Wow, about XMRV... I've paid a lot of attention to the similarities of autism to

AIDS related symptoms since I ever first learned about .  If it turns out a

retrovirus is playing a big part in this, omg it could be the final piece of the

picture.

I don't want any of that to sound like I'm disputing your interest or your

research.  I personally am not in a place where I can think of the damage right

now - only the possibilties.  And I've seen my kids improve so much it's not

even funny.  Marcia on the list tells me that when her kid was my son's age

(mine are 11 & 9), he still had issues with social skills and some wierd

behavior.  I personally couldn't have imagined them as well as they are right

now.  When I'm distressed at how much more improvement I want to see, I

remember

that her son was here where mine are and that I still have time.  If it was

about damage, or rather if I believed it was about damage, I don't know how I

could hold up my optimism and get thru the next day.  Thank you Marcia.

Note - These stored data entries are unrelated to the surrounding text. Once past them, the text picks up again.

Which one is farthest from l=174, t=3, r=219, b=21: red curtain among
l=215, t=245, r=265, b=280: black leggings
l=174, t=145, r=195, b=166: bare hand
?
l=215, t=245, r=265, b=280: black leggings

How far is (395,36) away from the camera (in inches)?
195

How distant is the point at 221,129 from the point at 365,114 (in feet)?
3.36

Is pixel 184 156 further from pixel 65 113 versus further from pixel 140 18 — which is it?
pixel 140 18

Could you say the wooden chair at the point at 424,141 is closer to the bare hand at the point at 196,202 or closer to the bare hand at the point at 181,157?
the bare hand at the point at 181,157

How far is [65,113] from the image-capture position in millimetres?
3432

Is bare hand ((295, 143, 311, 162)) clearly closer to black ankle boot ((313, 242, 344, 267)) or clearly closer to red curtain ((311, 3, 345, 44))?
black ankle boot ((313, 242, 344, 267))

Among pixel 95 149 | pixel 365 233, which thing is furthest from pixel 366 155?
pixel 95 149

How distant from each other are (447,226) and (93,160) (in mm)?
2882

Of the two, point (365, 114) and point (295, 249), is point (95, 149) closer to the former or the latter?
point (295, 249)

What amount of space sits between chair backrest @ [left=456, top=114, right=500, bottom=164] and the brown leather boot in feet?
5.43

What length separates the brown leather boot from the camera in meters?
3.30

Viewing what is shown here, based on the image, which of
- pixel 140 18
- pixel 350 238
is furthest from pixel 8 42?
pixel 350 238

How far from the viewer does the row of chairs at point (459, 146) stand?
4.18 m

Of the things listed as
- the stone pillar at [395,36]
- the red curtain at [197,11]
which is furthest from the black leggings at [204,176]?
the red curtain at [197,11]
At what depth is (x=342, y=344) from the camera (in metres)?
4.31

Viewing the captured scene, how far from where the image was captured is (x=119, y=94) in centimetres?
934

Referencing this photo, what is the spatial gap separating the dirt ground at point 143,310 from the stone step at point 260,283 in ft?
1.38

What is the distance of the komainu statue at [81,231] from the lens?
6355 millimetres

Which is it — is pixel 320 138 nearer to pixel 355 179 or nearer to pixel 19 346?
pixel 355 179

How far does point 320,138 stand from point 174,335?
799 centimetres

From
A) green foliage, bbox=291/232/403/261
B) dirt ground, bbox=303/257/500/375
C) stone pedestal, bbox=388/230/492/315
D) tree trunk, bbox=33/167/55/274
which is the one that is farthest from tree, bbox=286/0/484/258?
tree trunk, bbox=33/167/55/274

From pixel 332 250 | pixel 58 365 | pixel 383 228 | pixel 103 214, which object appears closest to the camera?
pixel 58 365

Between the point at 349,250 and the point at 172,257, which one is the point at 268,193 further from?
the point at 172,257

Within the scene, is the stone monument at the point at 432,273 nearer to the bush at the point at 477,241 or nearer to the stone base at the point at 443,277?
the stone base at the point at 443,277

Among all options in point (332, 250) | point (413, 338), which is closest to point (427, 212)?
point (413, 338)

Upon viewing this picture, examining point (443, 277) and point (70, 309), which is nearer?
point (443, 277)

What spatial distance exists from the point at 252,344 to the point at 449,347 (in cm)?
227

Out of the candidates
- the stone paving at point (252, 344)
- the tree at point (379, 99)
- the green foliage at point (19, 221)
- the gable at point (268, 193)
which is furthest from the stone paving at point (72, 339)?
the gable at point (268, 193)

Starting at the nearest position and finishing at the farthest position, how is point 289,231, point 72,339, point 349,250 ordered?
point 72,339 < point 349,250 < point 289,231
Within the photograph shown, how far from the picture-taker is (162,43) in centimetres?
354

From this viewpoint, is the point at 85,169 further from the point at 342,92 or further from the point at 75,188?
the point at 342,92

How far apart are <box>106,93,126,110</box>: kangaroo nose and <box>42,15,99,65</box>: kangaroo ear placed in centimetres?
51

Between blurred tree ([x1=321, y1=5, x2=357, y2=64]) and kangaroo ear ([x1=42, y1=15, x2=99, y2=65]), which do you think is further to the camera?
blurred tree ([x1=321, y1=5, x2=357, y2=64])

Even autoantibodies have been stopped in some illnesses....

HTH,

 

________________________________

From: Kay <kp_mlist@...>

MB12 Valtrex <mb12 valtrex >; " taca-usa "

<taca-usa >;

Sent: Sat, September 18, 2010 1:10:01 PM

Subject: Oxytocin receptors/OXTR gene

 

Is there a test or way to determine antibodies to Oxytocin receptors? Or has

someone found out up or down regulation of OXTR gene in children.

I think in some extreme cases the gene has been missing - wondering if some

social deficits are due to it being down regulated due to non-genetic reasons.